Die erste Faszination mit dem Schweben jedoch tritt zurück hinter eine beginnende Orientierungslosigkeit. Nur durch den Blick zurück zur großen Öffnung des Raumes ist es möglich mit der Wirklichkeit verankert zu bleiben. Nach einer Weile des Betrachtens des leuchtenden Gitters beginnt sich das Auge auf die absolute Schwärze dahinter zu richten, die ebenfalls unendlich und erdrückend die beginnende Einsamkeit in der Mitte der Plattform noch verstärkt. Dass es sich dabei nur um eine schwarze Wand handelt, nicht mehr, muss man sich immer wieder ins Gedächtnis rufen. Das Gefühl von Raum und Zeit geht nach und nach abhanden. Tippt man mit dem Finger ins Wasser und wirft so Wellen, zerfasert und verzerrt sich die Spiegelung des Gittermusters in eleganten wogenden Bewegungen, die Unendlichkeit löst sich vor den eigenen Augen auf und stellt sich wieder her, wenn das Wasser wieder ruhig wird. Eine Interaktionsmöglichkeit und ein weiterer Ausweg für die Betrachtenden nicht nur ausgeliefert zu sein in diesem endlos beschränkten Raum, sondern aktiv zu werden; aber eine trügerische. Denn durch die Interaktion wird der Raum noch immersiver, zieht noch mehr in die Faszination des Abgrunds.

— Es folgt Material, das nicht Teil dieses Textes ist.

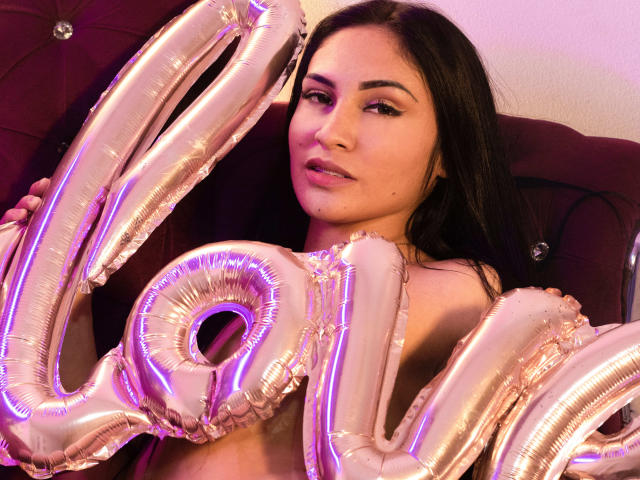 LanaBox with shiny pink "20" balloons, holding them near her chest. She has long dark hair, light skin, and is wearing pink eyeliner. Her lips are slightly parted.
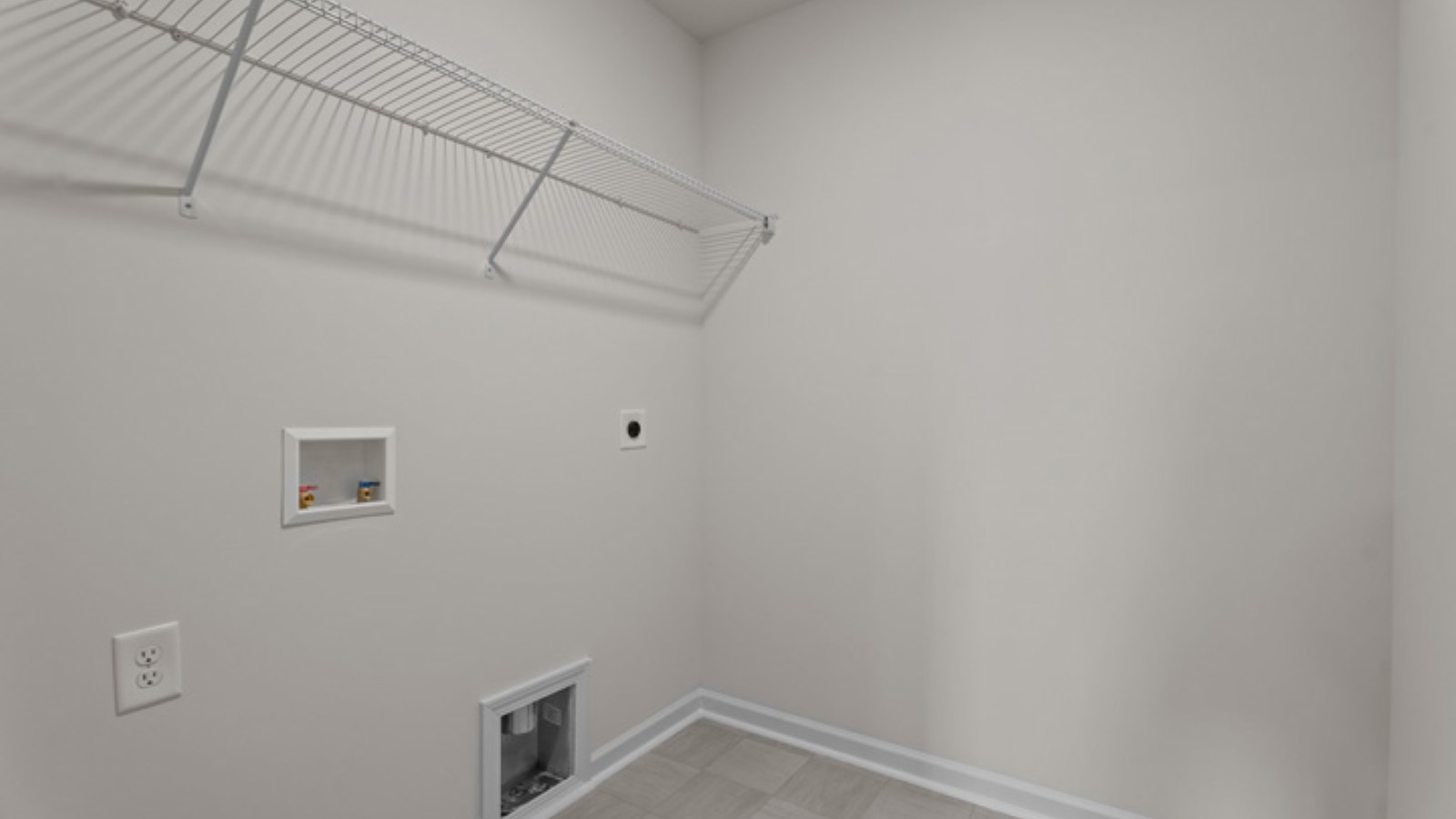 laundry room with ample storage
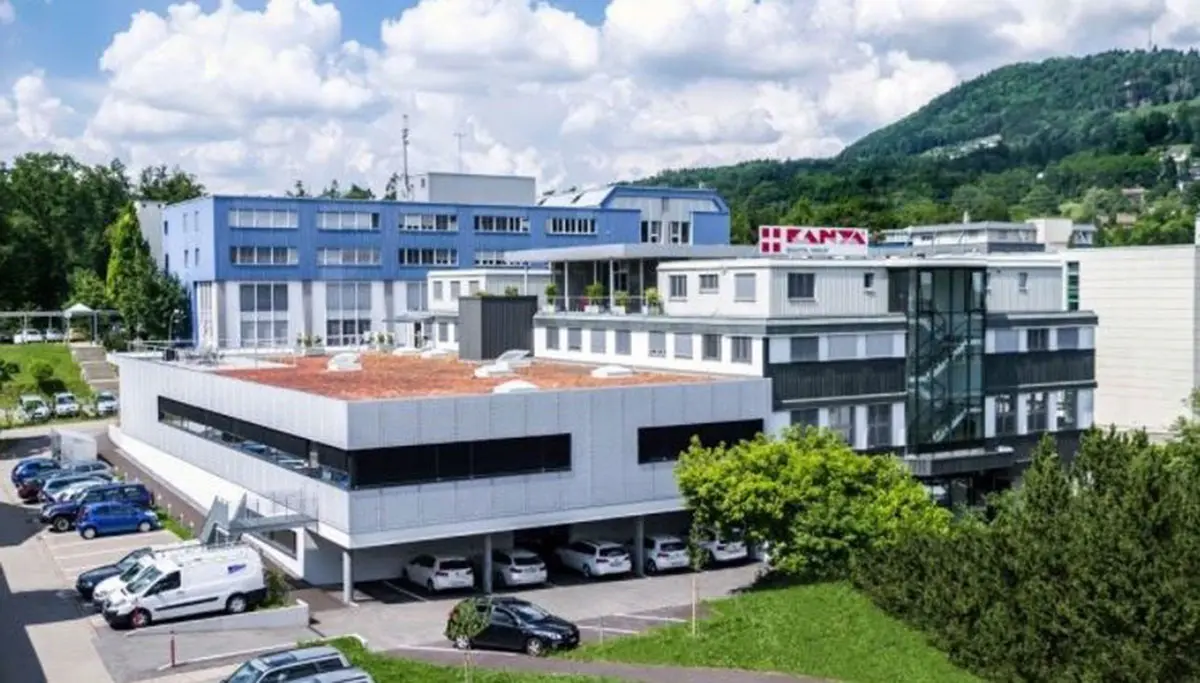 Das moderne KANYA-Gebäude in der Schweiz mit blauer Fassade und großen Fenstern, umgeben von Bäumen und einem Parkplatz voller Autos.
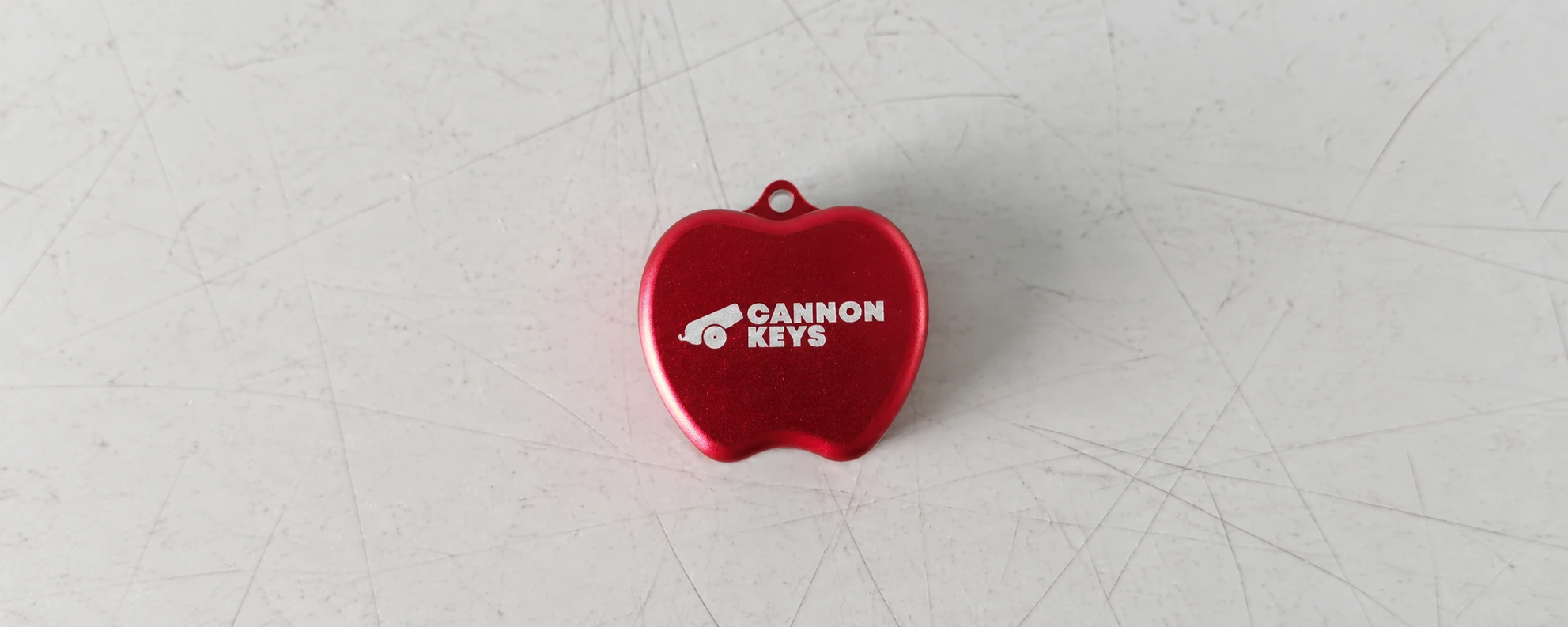 CANNON KEYS logo laser engraved on a red metal switch opener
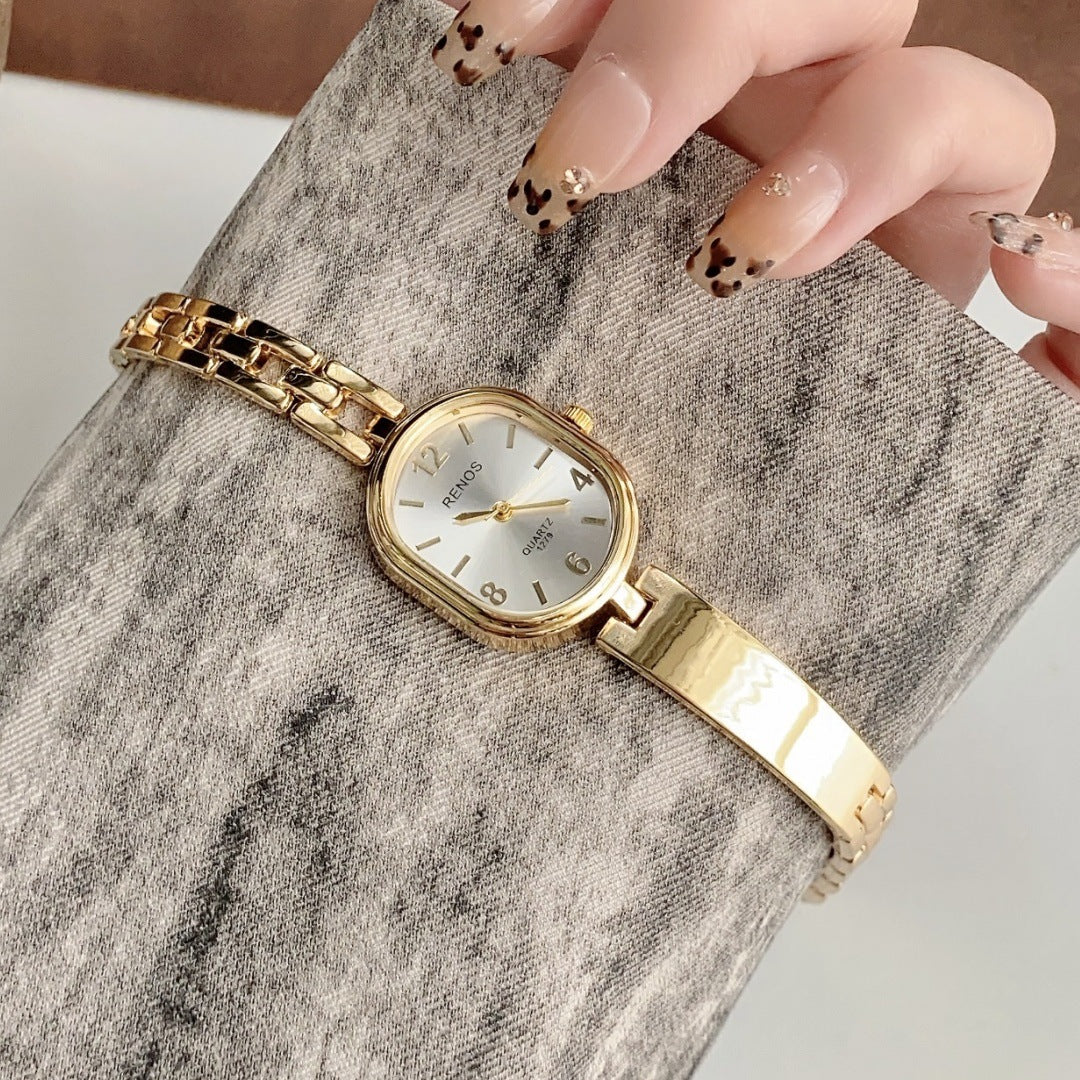 RENOS vintage cushion-link bracelet quartz watch in gold tone with white dial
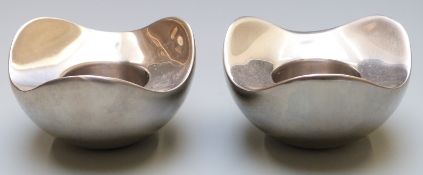 Pair of George Jensen candle or night light holders, diameter 9cm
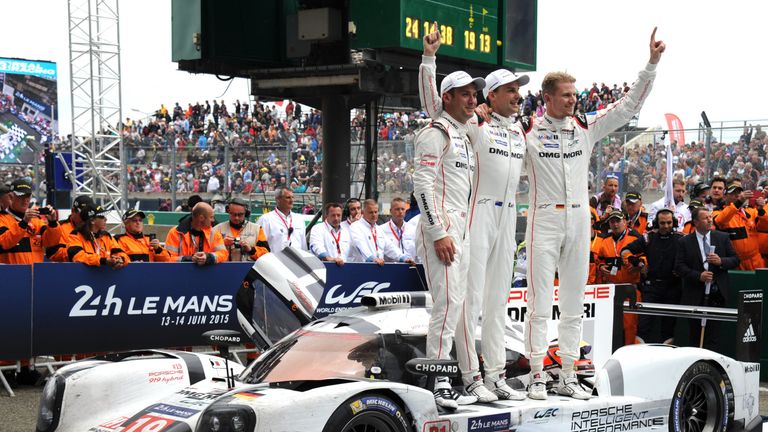 (From L): Britany's Nick Tandy, New Zealand's Earl Bamber and Germany's Nico Hulkenberg celebrate their victory on his  Porsche 919 - Hybrid N?19, after wi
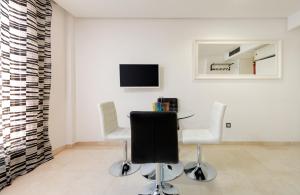 マドリードにあるRETIRO-IBIZA ALQUILER TEMPORAL-Hospitalesのテーブル、椅子2脚、テレビが備わる客室です。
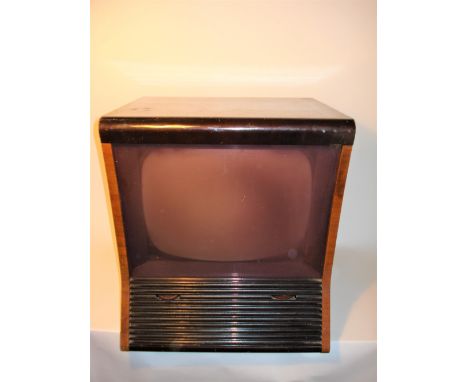 A PYE type VT4 table television receiver,1953, 405-line, 15-inch screen, with light pink filter cover, concave front sloped p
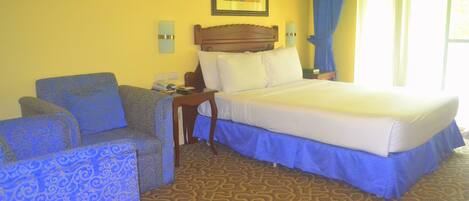 A hotel room with a bed, a chair, a nightstand, and a wall-mounted picture.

Man kann der Gewinnerinstallation „LIGHT HIGH“ nichts vorwerfen: Alles ist sehr wohl überlegt, viele physikalische und optische Effekte schicken sich an, ein Spektakel in unseren Gehirnen zwischen beruhigend und verstörend zu erzeugen. Die Wahrnehmung selbst wird im Erleben des immersiven Raumes verändert, manipuliert und infrage gestellt. Betrachtende werden in eine Situation versetzt, die sie vor allem an der Wirklichkeit, die ihnen ihr Sehsinn liefert, zweifeln lässt, aber auch eine Auseinandersetzung mit nichtvisueller Raum- und Zeitwahrnehmung befördert.
Wollte man dem Kunstwerk etwas vorwerfen, dann, dass es vielleicht zu Selfie-fähig ist, zu instagrammable, zu shareable und likeable, zu gut als Promotionsmaterial für die kommenden Generationen des International Light Art Awards powered by Innogy Stiftung dienen kann. Schaden tut es dem Werk aber nicht und spielt letztlich auch gar keine Rolle, denn kein Video und kein Bild der Installation können dem profunden Erlebnis gerecht werden, das der Aufenthalt in diesem virtuellen Raum erzeugt.